In his own words, Josef Koudelka was not particularly interested in theatre in his youth. When he arrived in Prague from his Moravian village in the late 1950s, his focus was on his studies. His interests were airplanes, folk music, and photography, which he practiced as an amateur. A classmate recommended that he meet his uncle, who worked in the editorial staff of the magazine Divadlo (Theatre), then looking for a photographer. It was in this context that Josef Koudelka, soon to become an aeronautical engineer by profession, became a theatre photographer.

In the 1960s, Prague theatres were one of the rare places in Soviet Czechoslovakia where relative freedom of expression continued.

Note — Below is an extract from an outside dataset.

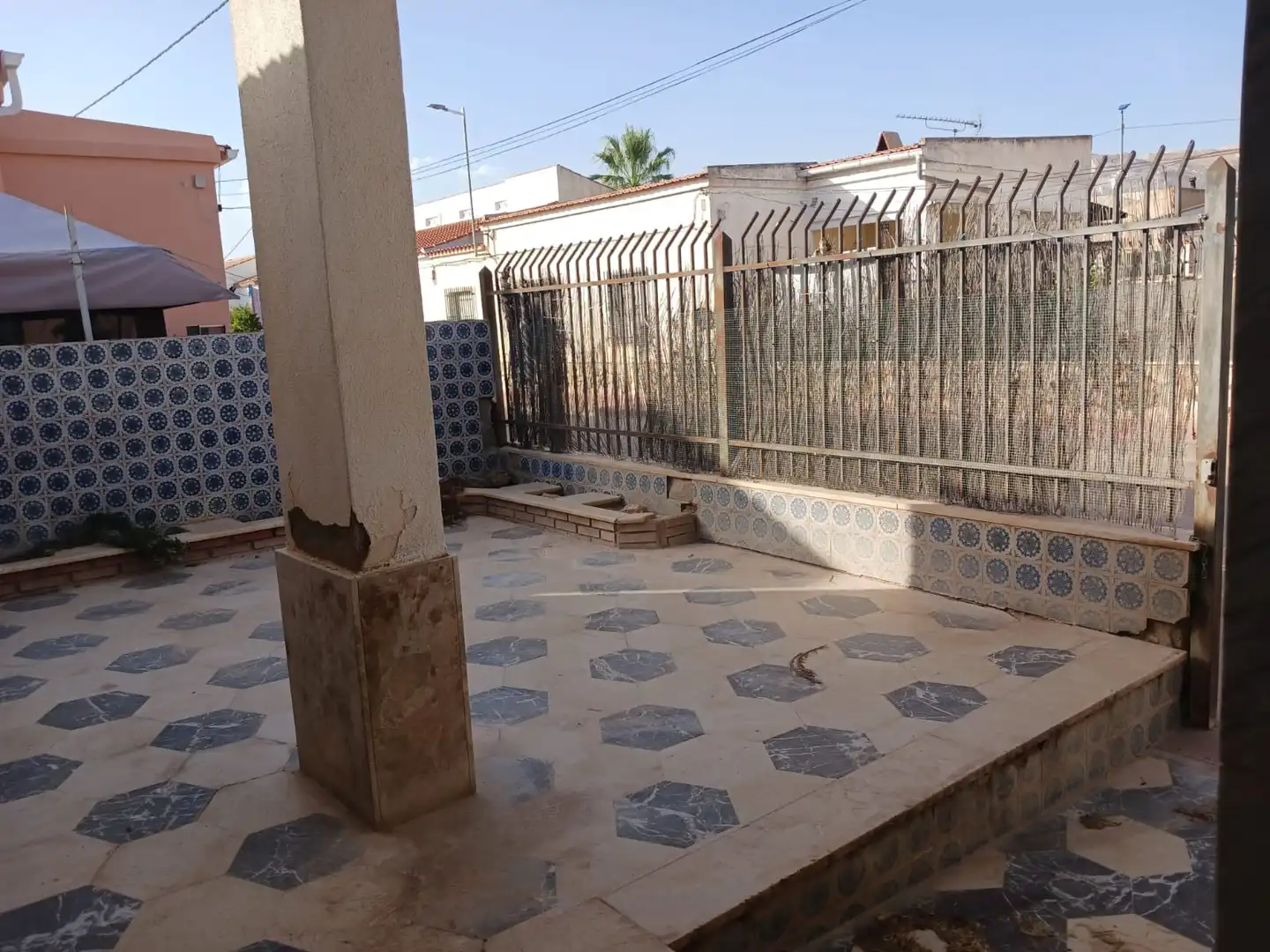 Adossat amb jardí en venda a Calle San José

The playwright and essayist Vaclav Havel, future President of the Czech and Slovak Federal Republic (1989-1992) was particularly active there, notably at the Theatre on the Balustrade (Divadlo na zábradlí). Known for its presentation of the Theatre of the Absurd, where directors such as Jan Grossman interpreted Ubu Roi, by Alfred Jarry (1964), Waiting for Godot, by Samuel Beckett, and Intermezzo by Jean Giraudoux. Following the Prague Spring (1968), these stages were forced to close, and their animators dissented or left the country.

There is a rich correlation of levels between Koudelka’s theatrical photography and his later way of conceiving his images as a reflection on the theatre of the world.

Everything that we know of his practice of the image can be found from his beginnings in the work he did in Prague in the 1960s: his attention to graphic composition, his ease of working in tight spaces among people in movement and in difficult lighting situations, his obsession with returning again and again to the same motif, the same gestures and rituals.
It was during the 1960s that he also documented the lives of the gypsies. These two series, created in parallel and over the long term, have many links.

“With the Gypsies, it was theatre too. The difference was that the play had not been written and there was no director – there were only actors. It was reality, it was life. It was a different kind of theatre – it was the theatre of life. I didn’t need to do anything with it. Everything was there. All I had to know was how to react.”
Josef Koudelka
Quote taken from Otomar Krejča, ‘Divadlo, Zkušenost z představení’, in Josef Koudelka, Prague: Torst, 2006.

Koudelka Theatre includes photographs of important productions in two major theaters, the Theatre on the Balustrade and the Theatre Behind the Gate, as well as images made for the covers of Divadlo (Theatre).

The design of the book is inspired by the work of the leading graphic designer and scenographer in the theatrical community in Prague at the time, Libor Fára (1925-1988), husband of Anna Fárová, curator and historian of photography who helped Koudelka at the start of his career.
The typography was created by Studio Najbrt in 2020, from an old typewriter of the time evoking Samizdats, clandestine works banned by Soviet censorship.

*Interview given, Bryn Cambell, World Photography, London, 1981.
Quote taken from Josef Koudelka, L’Epreuve Totalitaire, by Jean-Pierre Montier, Delpire Éditeur, Paris, 2004.